Hey! Who invented "alphabetical" order?

Well? Why is abcdefghijklmnopqrstuvwxyz considered the definitive “alphabetical” order? Why don’t we arrange letters by their frequency of ocurrence instead? (then “e” would be first) Why THIS order and not THAT order, or any other order besides the one we use?

And who invented that damn tune you sing the alphabet to?

I forget who made the tune. It was either, Bach, or Brahm or some composer with a B name. The tune is just Twinkle Twinkle, Little Star if you haven’t noticed by now.

See, the alphabet is in that order BECAUSE of the song.
(apologies to Steven Wright or whoever)

The letter order must be arbitrary. Any order that “makes sense” now won’t do so in the future. For instance, letter frequency depends on spelling, and spelling gets screwed around with every so often under the guise of spelling reform.

Actually, I think it was Dr. Sean Kenniff from Survivor I.

This is just a WAG, but until the Romans created the Latin alphabet, most alphabets used letters and numbers interchangably. i.e. A=1, B=2, etc. Hebrew still does this. Don’t know about other languages. Since Hebrew, Greek, etc. have orders vaguely similar to the Latin alphabetical order, it is probably based on that system. In other words alphabetical order is alphabetical order because it’s actually numerical order.

It was actually Mozart. Twinkle Twinkle is his Theme and Ten Variations from Ah! Vous dirai-je, maman.

I posted this very question about 9 months ago whereupon I was told that someone had posted it a few months prior to that. Use the search function and you’ll find the old threads.

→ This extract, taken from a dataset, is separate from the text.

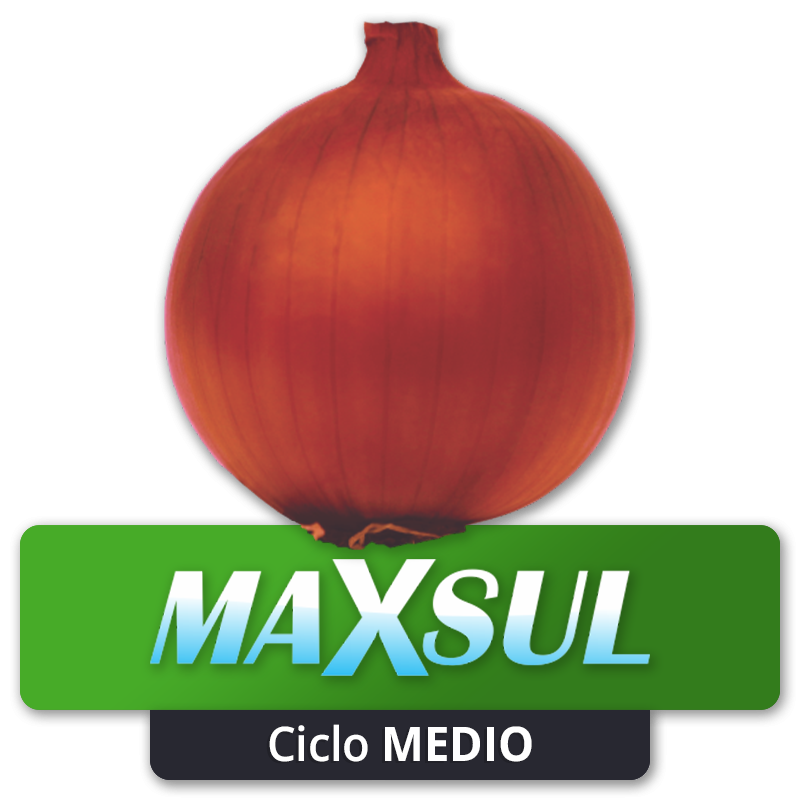 MAXSUL - Ciclo Medio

Well, the old threads talk a lot, but I don’t know that they provide a definitive answer:

The Alphabet Song

Alphabetical Order

My guess would be that the Phoenicians just got into the habit of ordering their writing characters in a certain way and all the derivative alphabets have followed that practice.

An Indian roommate I had in college told me that “alphabetical order” in Sanscrit was based on the shape of the mouth when pronouncing each sound, so similar letters (such as l and r, or hard g and k) would be grouped together. Presumably, this would remain a “logical system” so long as pronounciation remained relatively constant.

Interestingly, while the alphabet has been in its current order (more or less) for a very long time, it wasn’t until after the invention of moveable type that the idea of arranging things alphabetically really took off.